As grandes cheias de Lisboa e “outras inundações”
As grandes cheias de 1967 foram, tão só, a pior catástrofe que assolou a capital portuguesa, desde o grande terramoto de 1755. Em finais de 2022 o fenómeno repetiu-se, ainda que numa escala deveras inferior e com consequências menos gravosas, é certo. Todavia, as causas mantêm-se e preocupam, sobretudo a falta de manutenção e limpeza dos canais de escoamento das águas pluviais e as graves falhas de planeamento urbano e de ordenamento do território.
Na madrugada de 25 para 26 de Novembro de 1967, abateu-se sobre Lisboa uma rápida e forte precipitação, com níveis nunca antes vistos, correspondendo a cerca de um quinto da precipitação média anual registada. A depressão meteorológica rapidamente percorreu todo o Vale do Tejo. O elevado número de mortes – cerca de 700 – assim como os danos em 20 mil casas, apanharam os governantes desprevenidos, tanto que, Salazar, através dos mecanismos de censura do estado Novo, tudo tentou para abafar o caso, temendo eventuais consequências para a sua governação. À época, várias causas foram invocadas, para tão trágico desfecho, desde a falta de limpeza dos rios e das ribeiras da zona ribeirinha; passando pela construção ao longo dos cursos de água; pelas reduzidas bacias hidrográficas; assim como, pela insuficiente dimensão das canalizações subterrâneas.
Um paradigma que se repete
Passados 55 anos, o paradigma parece repetir-se ad aeternum – se há elevados níveis de pluviosidade, há cheias, deslizamento de terras e inundações, quer seja em Portugal, na Europa, ou no resto do Mundo.

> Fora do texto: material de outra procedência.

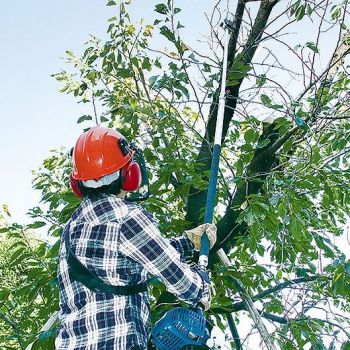 Высоторез MAKITA EY2650H25H - Фото №2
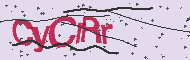 Captcha認証コード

Da Alemanha à Bélgica, da China ao Japão, dos Estados Unidos ao Brasil, os fenómenos atmosféricos extremos sucedem-se, ano após ano, sem que se aprenda com os erros cometidos no passado.
As cheias podem ocorrer devido a vários factores e, muitas vezes, podem ser simultâneos. No entanto, como o próprio nome sugere, as causas mais frequentes resultam do rápido aumento dos níveis de água devido a chuvas intensas em áreas baixas, num curto espaço de tempo. Quando nas zonas baixas dos aglomerados urbanos, a capacidade de absorção do solo é menor que a pluviosidade, a altura da água aumenta rapidamente, resultando em cheias. Esses eventos climáticos são muito perigosos e muitas vezes podem levar a fatalidades, devido ao seu poder destrutivo e à rapidez com que ocorrem, impedindo que as pessoas tenham tempo suficiente para escapar para terrenos mais altos ou para adoptarem as medidas de protecção tidas como adequadas.
Para além dos rios, também o transbordamento do mar, assim como o rápido derretimento da neve e do gelo, podem causar inundações.
Cheias vs inundações
Se, por um lado, todas as cheias provocam inundações, por outro, nem todas as inundações são provocadas pelas cheias. As cheias são fenómenos temporários; por exemplo, um rio que transborda as suas margens e inunda determinada área envolvente. Por seu lado, as inundações poderão ter caracter permanente; como é o caso das áreas do globo inundadas pela subida do nível das águas do mar.
O rebentamento de uma barragem também pode provocar uma cheia com forte poder de destruição. Importa recordar uma das mais devastadoras da história da humanidade, ocorrida em 1889, na Pensilvânia. Após vários dias de chuvas anormalmente intensas, uma das barragens locais, cedeu, libertando cerca de 20 milhões de litros de água para a cidade de Johnstown, matando, em poucos minutos, mais de 2.200 pessoas.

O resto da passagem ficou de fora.